Before discussing ‘solutions’, it would probably be more sensible to ask whether this is truly a problem that needs solving. “I think if initiations stopped the sports teams would definitely lose something. It really makes you bond as a group, and also it’s a tradition that it would be a shame to break,” says one informant. We’ve already seen that initiations are popular – much to my puzzlement, but then I’ve never played team sports. Yet I don’t want to condemn initiations, because for all the ridiculous stories they’re still primarily voluntary, and amusingly absurd. Recent attempts to limit the damage of extreme initiations have appeared to work to a degree – all sports teams have introduced an official ‘no nudity’ policy, society heads meet with the Athletic Union and (appear to, at least) tell them of their plans for initiations, and any sniffing out of truly shocking incidents tend to get dealt with quickly. There are entire generations of freshers who get to play team sports without seeing a single testicle, or downing a single pint, which must be called progress. Yet, from what we’ve heard in the course of investigating this, it’s clear that there are still issues to be dealt with.
Our hockey team tipster gives some advice – “The power of a senior over a fresher is pretty massive because the fresher is desperate to be accepted, and the senior is the one with the power to accept him.

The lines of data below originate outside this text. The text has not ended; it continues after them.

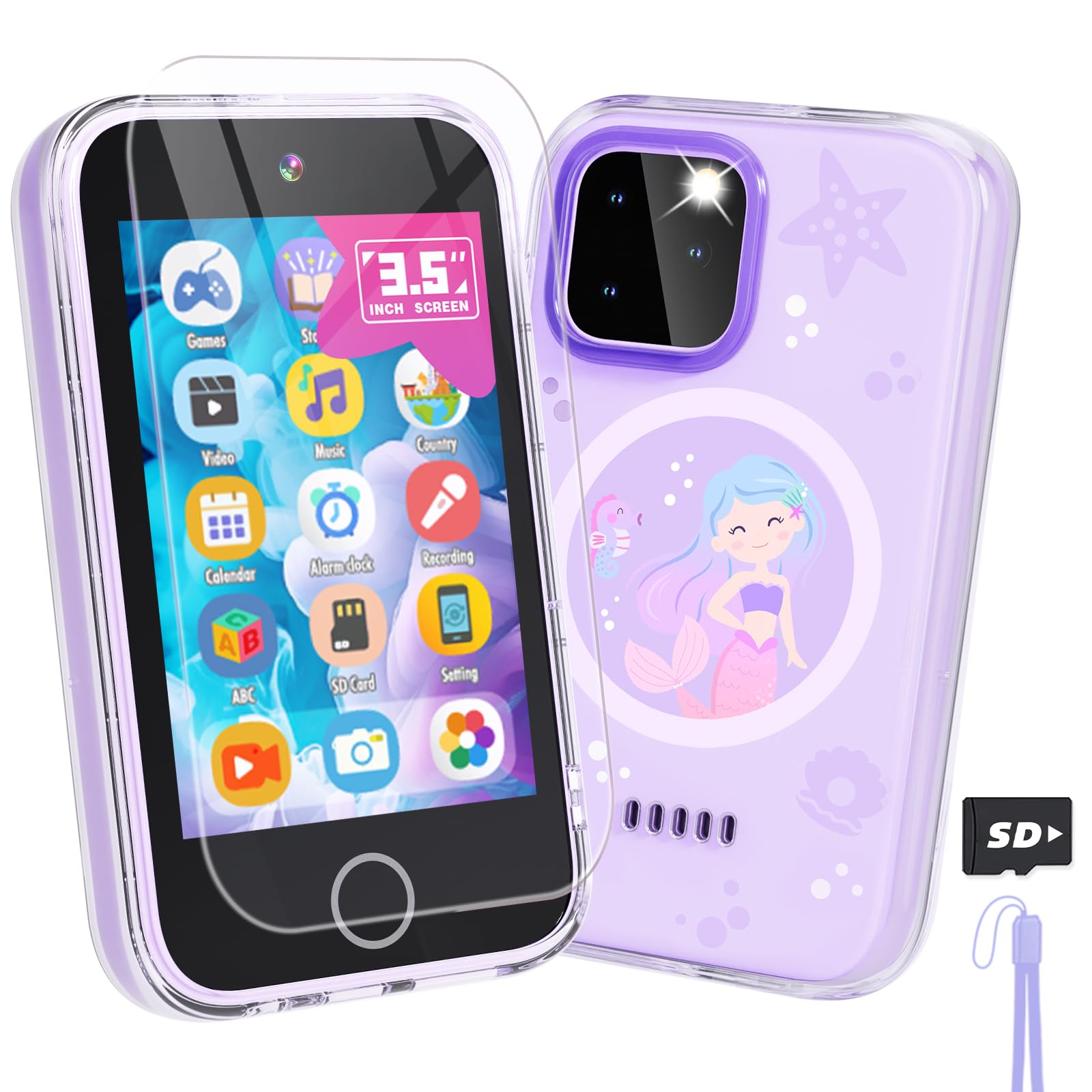 Amazon.com: Dylanto Kids Phone Toys for 3-12 Years Old Girls ,3.5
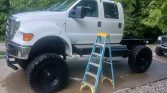 White 2007 Ford F650 7spd manual 5.9 Cummins truck For Sale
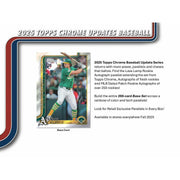 2025 Topps Chrome Update Series Baseball Blaster Pack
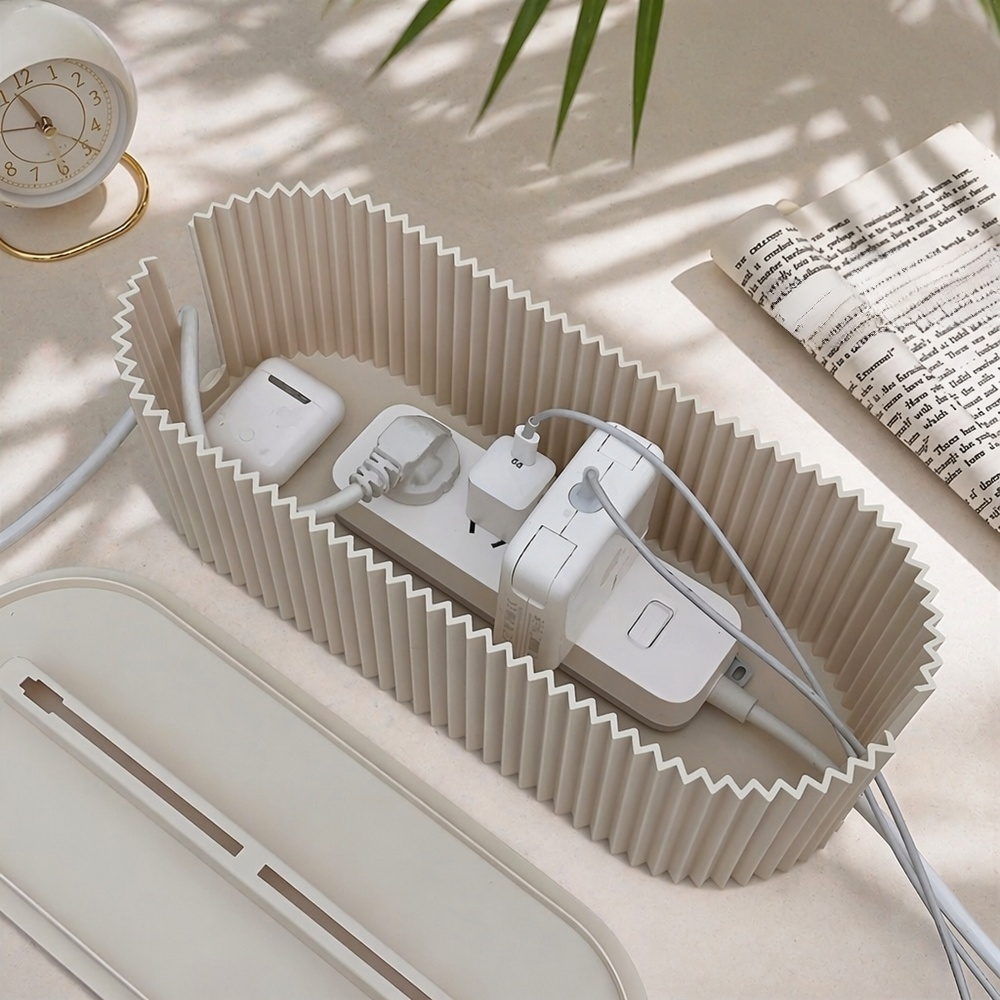 Boîte de rangement pour câbles électriques, organiseur de prises, solution idéale pour la maison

It depends how the people with the power use it whether the initiation is bad or not. They’re not a bad thing, there just needs to be more control over how people wield their power. You want to keep it open and transparent. Some of the freshers were driven away last year because they didn’t feel welcome. We lost a lot of players, and that shouldn’t be what university sport is about. Maybe having a welfare officer who doesn’t drink and who can draw a line [is a good idea], and it’s pretty obvious where that line should be.” Alcohol is the central peg here – whilst it binds groups who enjoy drinking heavily, it’s just as much the wedge that can drive some away. There’s nothing wrong with drinking alcohol, but there is something intensely insidious in actively seeking to poison people for fun. And it’s not untrue that most problems that initiations are criticised for stem from a lack of an overseer, someone in a neutral position to calmly take the drink out of someone’s hand and tell them to get a taxi home.
After all, most initiations are little different to a standard night out. Those that exceed these limits and approach lethality are hardly even then in the realm of the strict and brutal hazing traditions of the Russian army’s ‘dedovshchina’, where hundreds regularly die each year in ritualised beatings and intense torture sessions. This is just a group of young people, people who have more money than responsibilities, with intense lusts for power, inebriation and acceptance. They shall go out and get pissed, steal road signs, simulate sodomy and sing along to chart hits down the pub. In three years they will begin their jobs as accountants, retail managers, pastry chefs and soft-porn impresarios, and these experiences will be little more than a welcome memory in a quiet moment. It seems ridiculous to punish people for merely acting out their cultural and evolutionary programming, but when people are regularly picked out of the gutter, gin-soaked and unconscious for another night in the ward, then perhaps it isn’t unreasonable for those overseeing this to ask for some cooperation. How much each side is willing to give or accept is unclear.